Keywords: First episode; recurrent depressive disorder; IL-1; IL-6; IL-10

1. Introduction

Cytokines are small pleiotropic proteins discovered in the context of cellular activation and cell-to-cell communication in the immune system. They can be viewed as either ‘pro-inflammatory’ or ‘anti-inflammatory’, depending on their aggregate effects on target cells [1]. The expression and activity of cytokines are induced in response to an infection, traumatic brain injury, ischemic or hemorrhagic stroke, or various other neurodegenerative diseases; however, pro-inflammatory cytokines (inter-leukin-1 (IL-1), IL-18, and tumor necrosis factor alpha (TNF-α)) are expressed normally in the brain and also play an active role in cellular events that induce structural changes at the synaptic level [1]. Research studies conducted in recent years confirm that in the absence of medical illnesses, depressive disorders are associated with increased levels of many inflammatory cytokines (e.g. TNF-α, IL-1, IL-6) [2]. The “cytokine hypothesis of depression” [3] is based on an assumption that inflammatory mediators play a vital role in the pathophysiology of depressive disorders.
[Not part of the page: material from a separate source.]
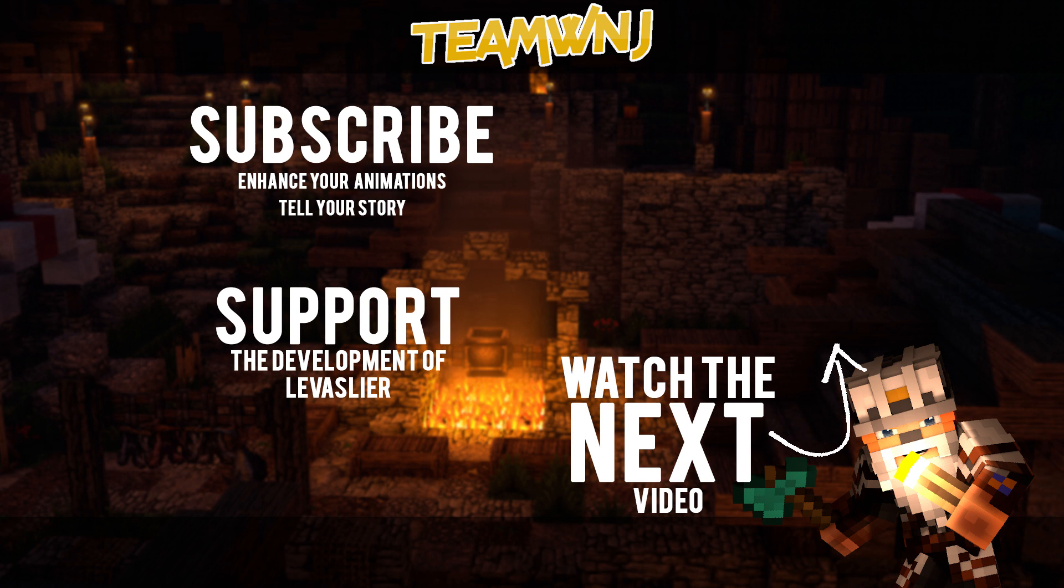With that said and done, this has been Jay from TeamWNJ, to improve your animations and tell your stories. Cheers!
There are various underwritten pathways through which cytokines may influence the pathophysiology of depression. The most important include cytokine-induced changes in the metabolism of monoamines, such as dopamine, noradrenalin and serotonin, specifically in midbrain nuclei with widespread projections. In addition, cytokines induce cortisol hypersecretion, directly by stimulating the hypothalamic-pituitary-adrenal axis (HPA axis) and indirectly by modifying the sensitivity of the glucocorticoid receptor [4]. Chronic hyperactivity of the HPA axis instigates hypercortisolism, which in turn affects the nervous, endocrine, and immune systems. The HPA axis function is upregulated by pro-inflammatory cytokines through the brain receptors for soluble molecules which are expressed mostly in the hypothalamus [5].
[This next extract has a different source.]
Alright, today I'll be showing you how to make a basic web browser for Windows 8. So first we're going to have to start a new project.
A particular role in the etiology of rDD is assigned to two pro-inflammatory interleukins (IL-1 and IL-6) and to one anti-inflammatory interleukin, i.e. IL-10 [6, 7]. Elevated levels of IL-1 and IL-6 have served as consistent biomarkers of depression, while IL-10 found to be persuading depressive behavior through its ability to counterbalance pro-inflammatory cytokine expression [7, 8].

The main objective of the study was to examine whether rDD are accompanied by more profound inflammatory disturbances than the first episode of depression (ED-I). The analysis included the expression of mRNA and protein levels of three interleukins, i.e.: IL-1, IL-6 and IL-10. We have formulated a working hypothesis, according to which successive episodes of rDD are linked with increased dysregulation of pro- and anti-inflammatory cytokines production.

2. Material and methods

2.1 Subjects

The study was carried out in a cohort of 130 patients: ED-I group – 44 patients, rDD group – 86 patients. All patients were hospitalized at the Department of Adult Psychiatry of the Medical University of Lodz, Poland. The selection of the individuals for the study group was performed randomly without replacement sampling.
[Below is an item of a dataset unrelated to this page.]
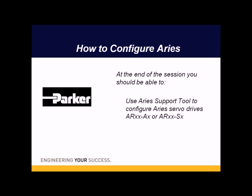Welcome to Parker's online training. Today we'll be covering how to configure the Ares Servo Amplifier.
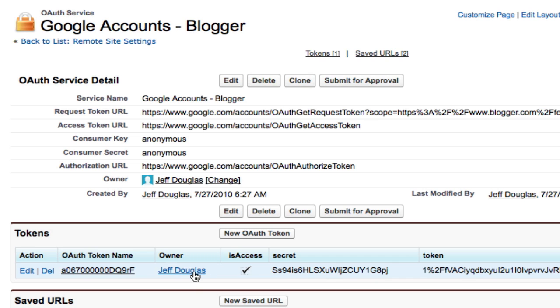For each user who authorizes this service, you'll have another record here for this token. And you want to treat these as passwords because they're very sensitive.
The patients from the rDD group, before being qualified to take part in the study, were subject to an antidepressant therapy with drugs from the Selective Serotonin Reuptake Inhibitors (SSRI): 54 people were administered fluoxetine (initial dosage: 20 mg/day, maximum dosage: 60 mg/day), 8 people were taking sertraline (initial dosage: 50 mg/day, maximum dosage: 200 mg/day), 12 people were administered citalopram (initial dosage: 20 mg/day, maximum dosage: 40 mg/day), and 12 people were taking paroxetine (initial dosage: 20 mg/day, maximum dosage: 60 mg/day).

The patients were selected for the study based on the inclusion criteria for ED and rDD outlined in ICD-10 (F32.0-7.32.2, F33.0-F33.8) [9]. The presence of axis I and II disorders, other than depressive episodesand the diagnosis of somatic diseases and injuries of the central nervous system (CNS) were regarded as exclusion criteria. Other exclusion criteria included: inflammatory or autoimmune disorders and unwillingness to give informed consent. For all the subjects, a case history was obtained prior to participation using the standardized Composite International Diagnostic Interview (CIDI) [10].

All the subjects were free from medical illnesses, including infections and inflammatory or allergic reactions. None of the depressed patients was treated with drugs known to influence lipid metabolism, immune response or endocrine function. The participants were-classified as non-alcoholics and light or non-smokers, and none had ever taken psychotropic drugs.

2.2 Methods

2.2.1 Severity of depression

Depression severity was assessed using the 17-item Hamilton Depression Rating Scale (HDRS). A description of HDRS was presented elsewhere [11]. All the subjects were examined during the course of their hospitalization. The study group included subjects hospitalized for the first time due to a depressive episode and depression treatment-naïve, as well as those treated for many years earlier and with multiple hospitalization episodes in the past; the latter were admitted for various degrees of health deterioration. The number of depression episodes and disease duration were recorded for each patient.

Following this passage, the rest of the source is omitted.